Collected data
**********
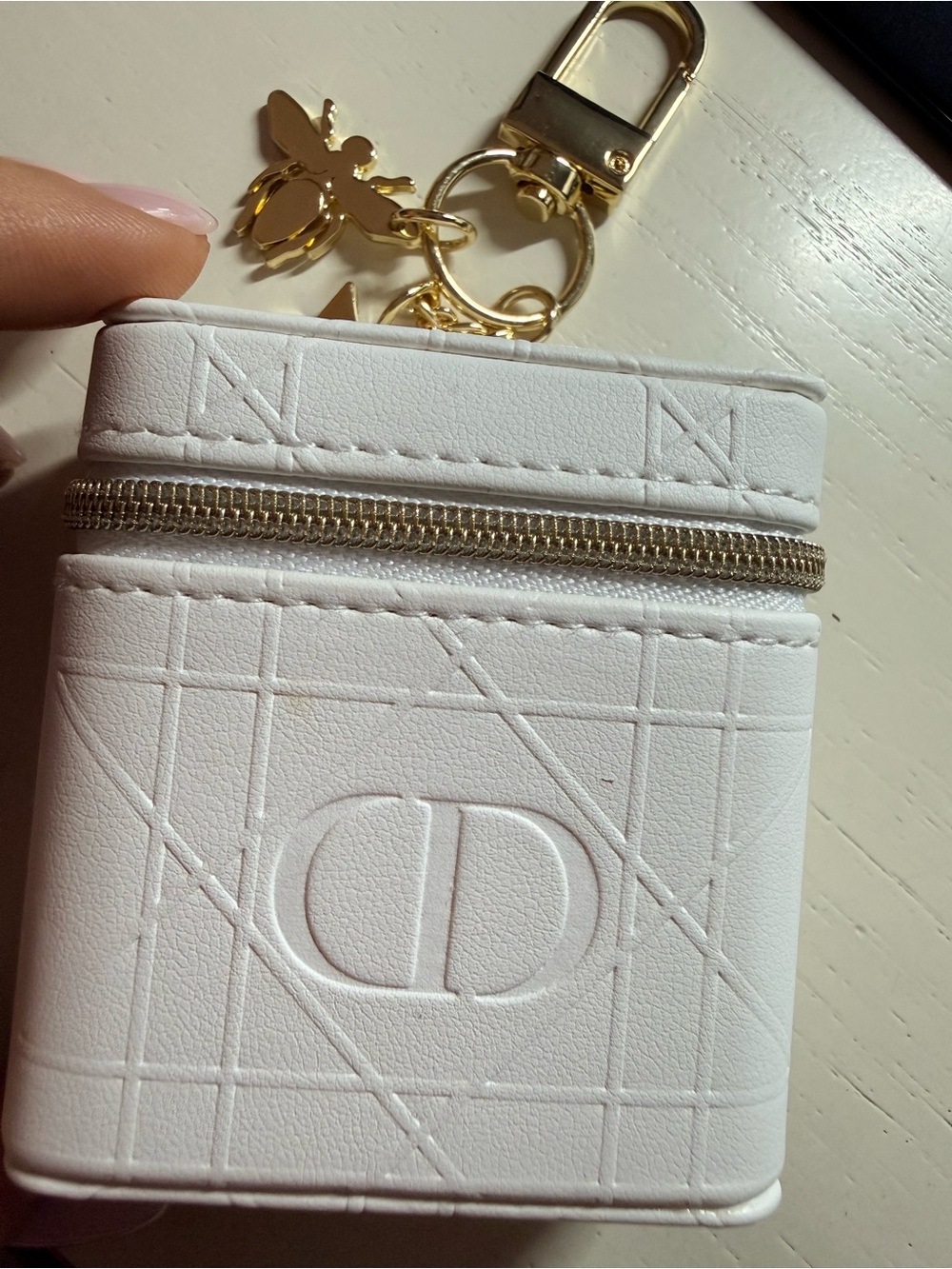 Dior White Quilted keychain with Gold Charms - Picture 2 of 5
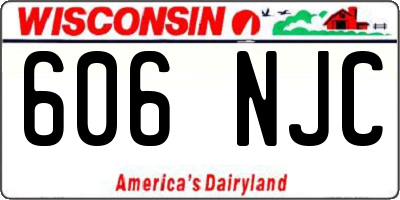 WI license plate 606NJC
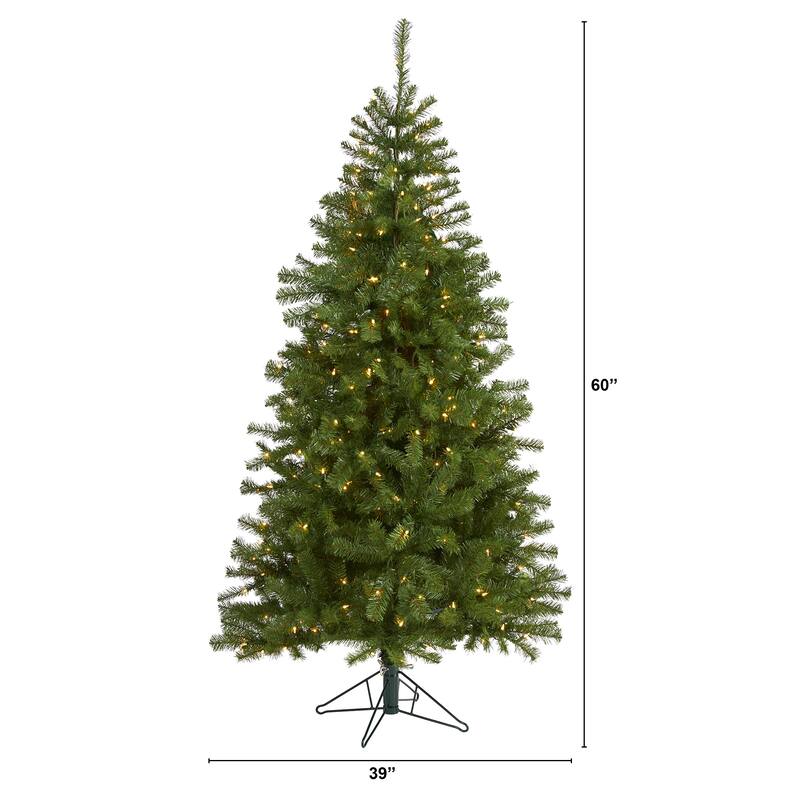 6ft. Artificial Christmas Tree with 300 Warm Clear Lights and 596 Tips - Classic Full X-Mas Glow
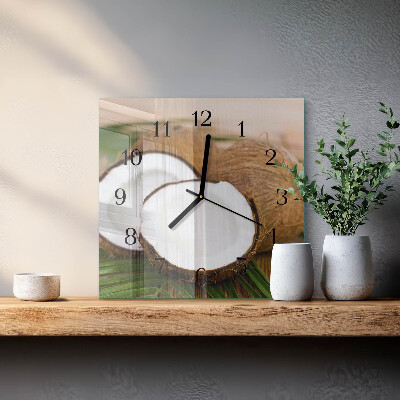 Quadrato orologio in vetro decorativo Noci di cocco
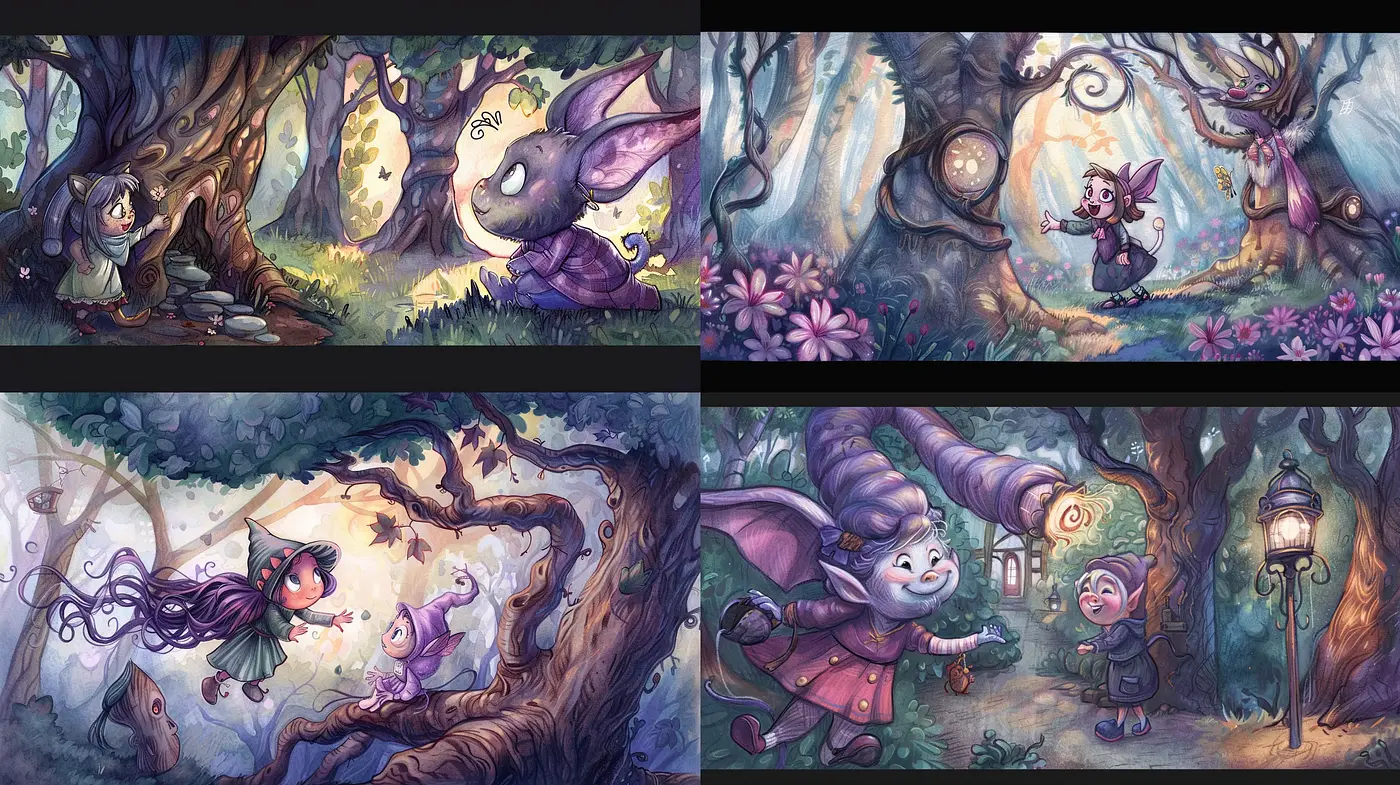Enchanted Forest Whimsy: A Glimpse into a Storybook World - Midjourney sref style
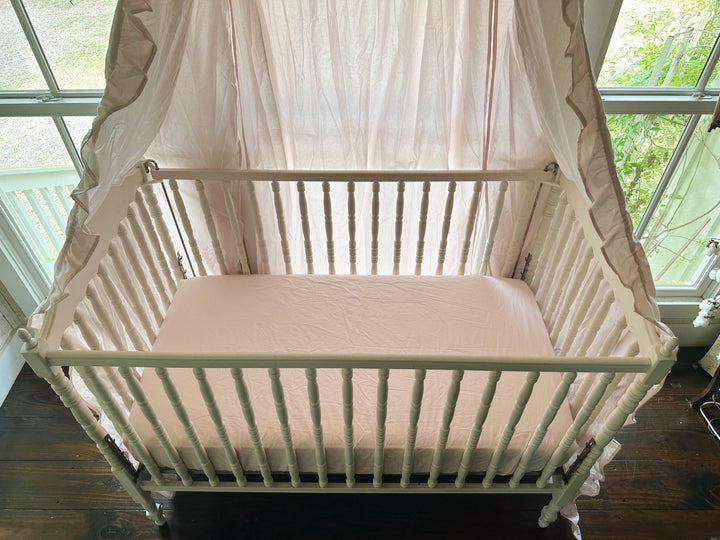 Baby Pink Ruffled Crib Canopy handmade heirloom nursery - High Cotton Textile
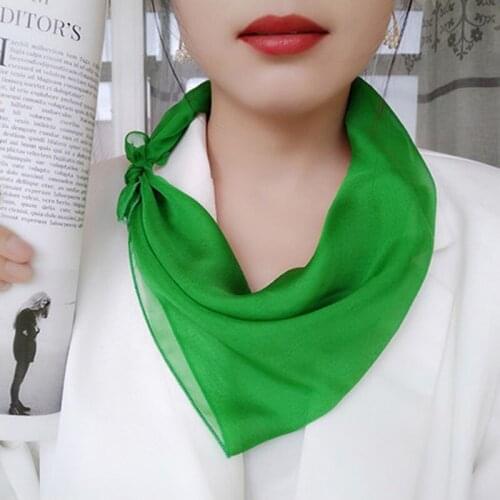 Korean Female Solid Color Thin Chiffon Small Square Scarf spring summer False Collar Neck Guard Silk Sunscreen Shawl Snood P71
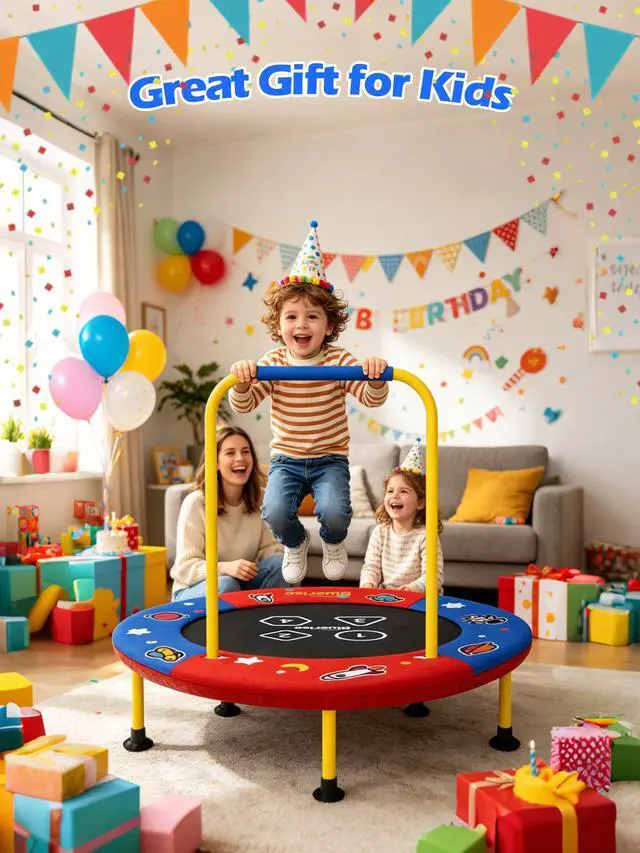 Alt view image 5 of 7 - 3FT Toddler Trampoline Easy to Assemble Indoor/Outdoor Ages 1-6 | ASTM-CERT Kids TrampolineEasy to AssembleFoam HandleQuiet Elastic BandsNo-Gap MatIndoor/OutdoorKids GiftPortable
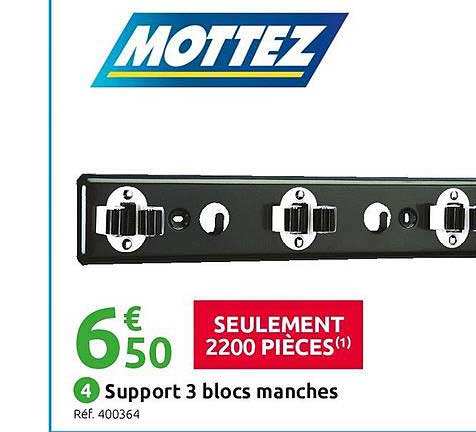 support 3 blocs manches mottez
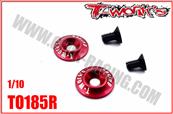 Rondelles d'aileron V2 aluminiums pour 1/10e TT rouges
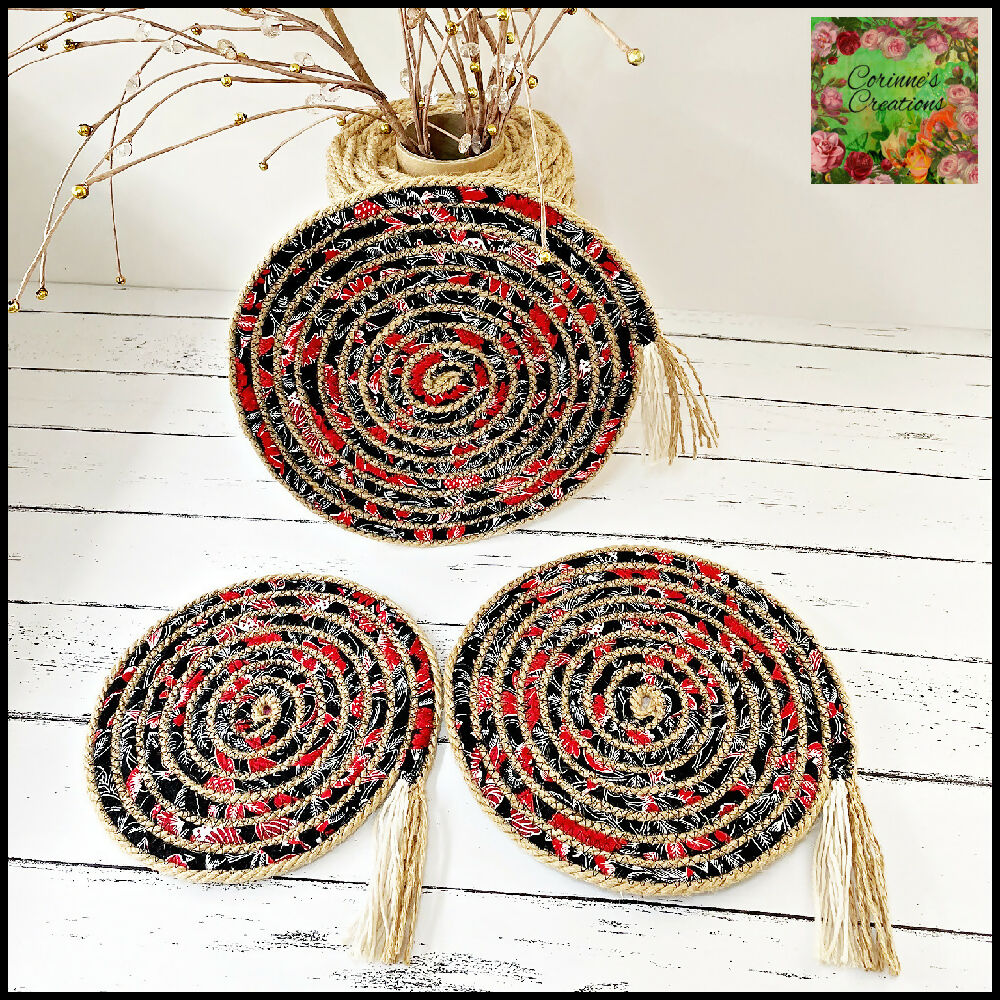 Decorative Table Mat Set - Trivet Hot Pot Protector - Red Black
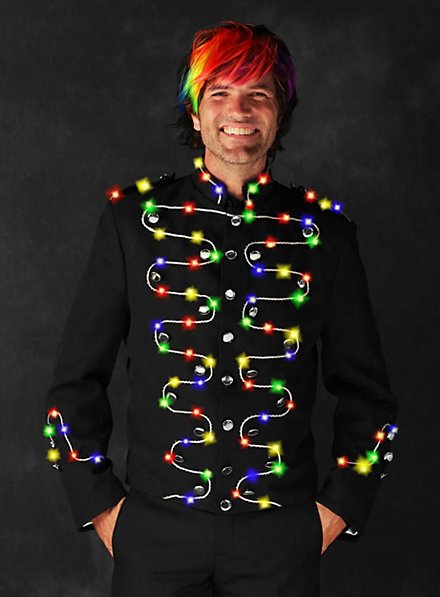 LED jacket with silver trimming for men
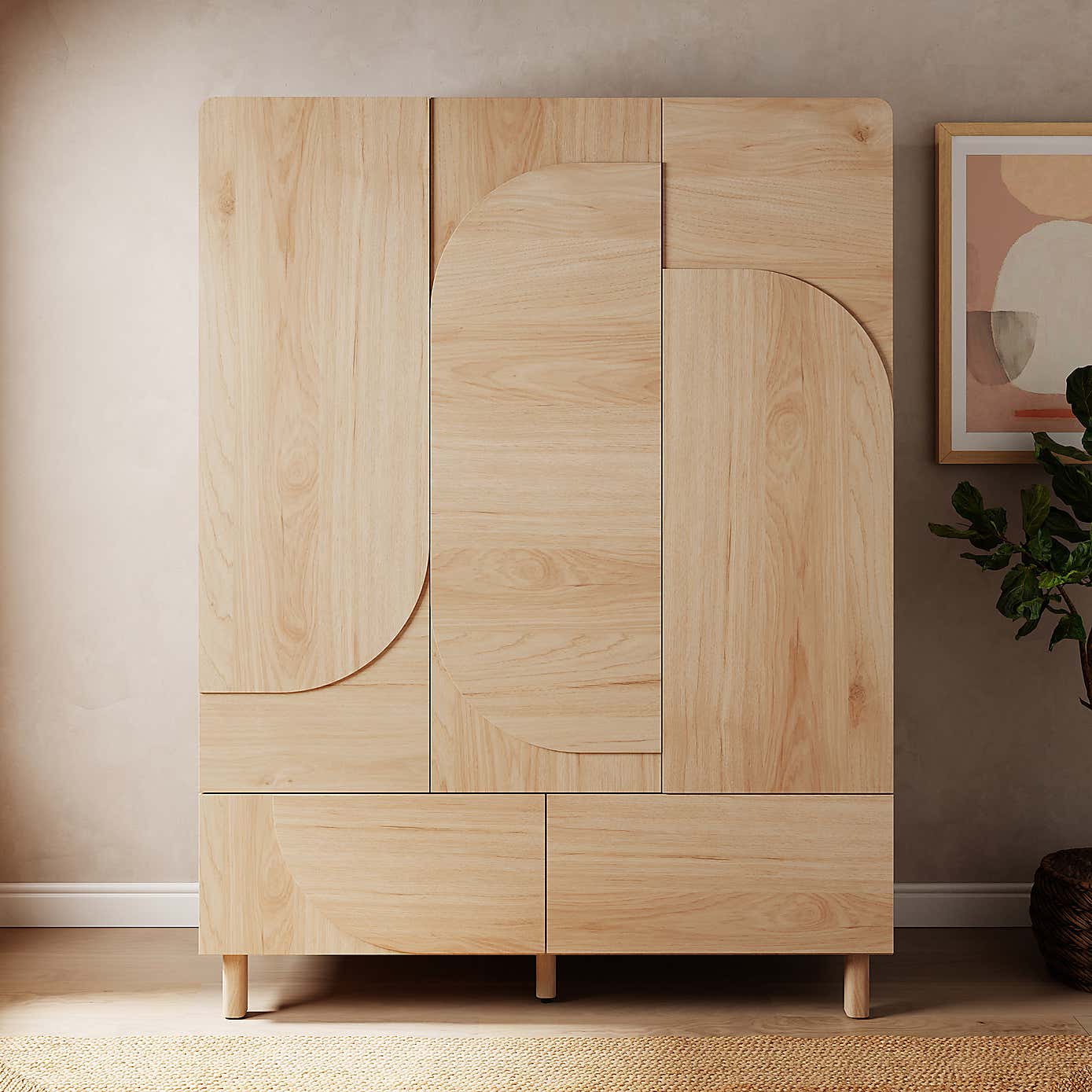 Aldo Triple Wardrobe, Light Oak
**********
What the answer needs is every line from the one with "LED jacket with silver trimming for men" through the last line of the data, reproduced word for word and with pictures omitted.

## Response to this task
 LED jacket with silver trimming for men
 Aldo Triple Wardrobe, Light Oak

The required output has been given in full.